What you need to do
Under this line are the records; write out word for word the part that begins at the line containing "2002 LEXUS IS 300" and ends at the line containing "Hasbro Furby Boom", and no more.

Raw data
┄┄┄┄┄┄┄┄┄┄

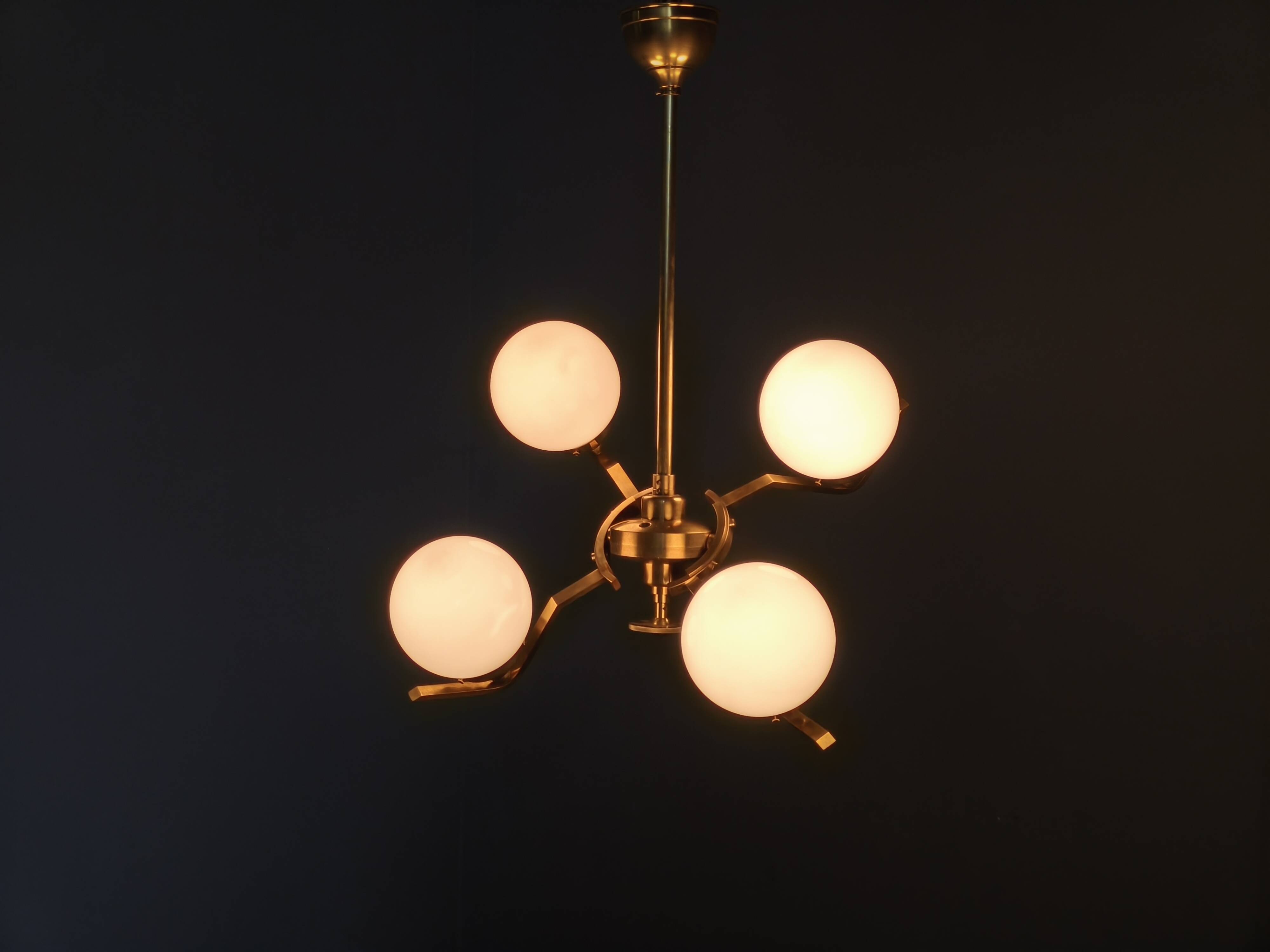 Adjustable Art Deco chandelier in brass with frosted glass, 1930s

┄┄┄┄┄┄┄┄┄┄

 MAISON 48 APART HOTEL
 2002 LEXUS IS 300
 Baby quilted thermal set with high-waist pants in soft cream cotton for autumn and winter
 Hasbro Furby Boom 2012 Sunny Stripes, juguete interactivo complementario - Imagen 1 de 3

┄┄┄┄┄┄┄┄┄┄

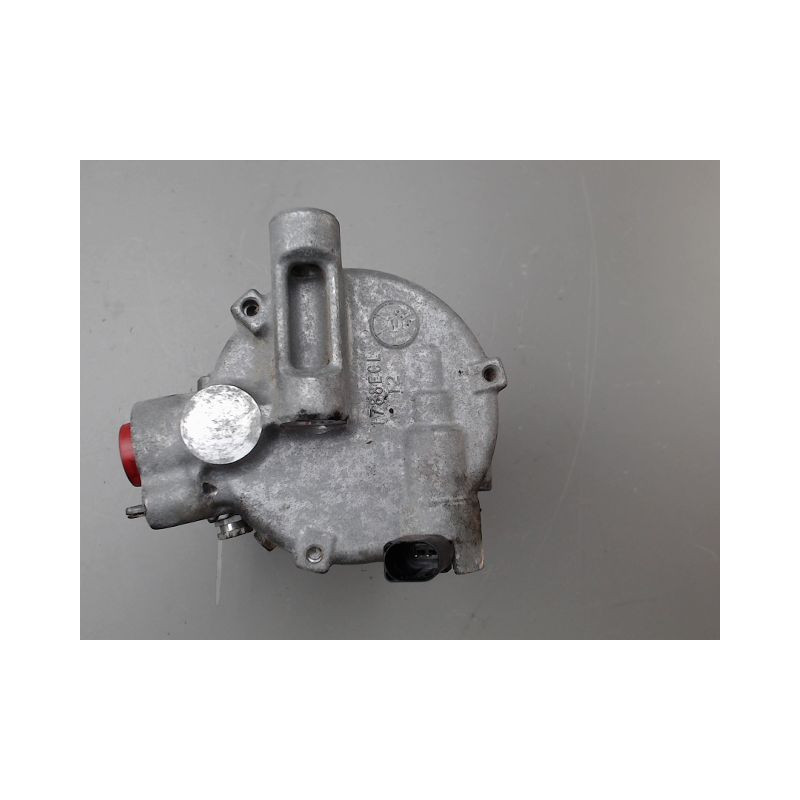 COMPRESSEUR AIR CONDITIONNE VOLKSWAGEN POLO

┄┄┄┄┄┄┄┄┄┄

Written solution
 2002 LEXUS IS 300
 Baby quilted thermal set with high-waist pants in soft cream cotton for autumn and winter
 Hasbro Furby Boom 2012 Sunny Stripes, juguete interactivo complementario - Imagen 1 de 3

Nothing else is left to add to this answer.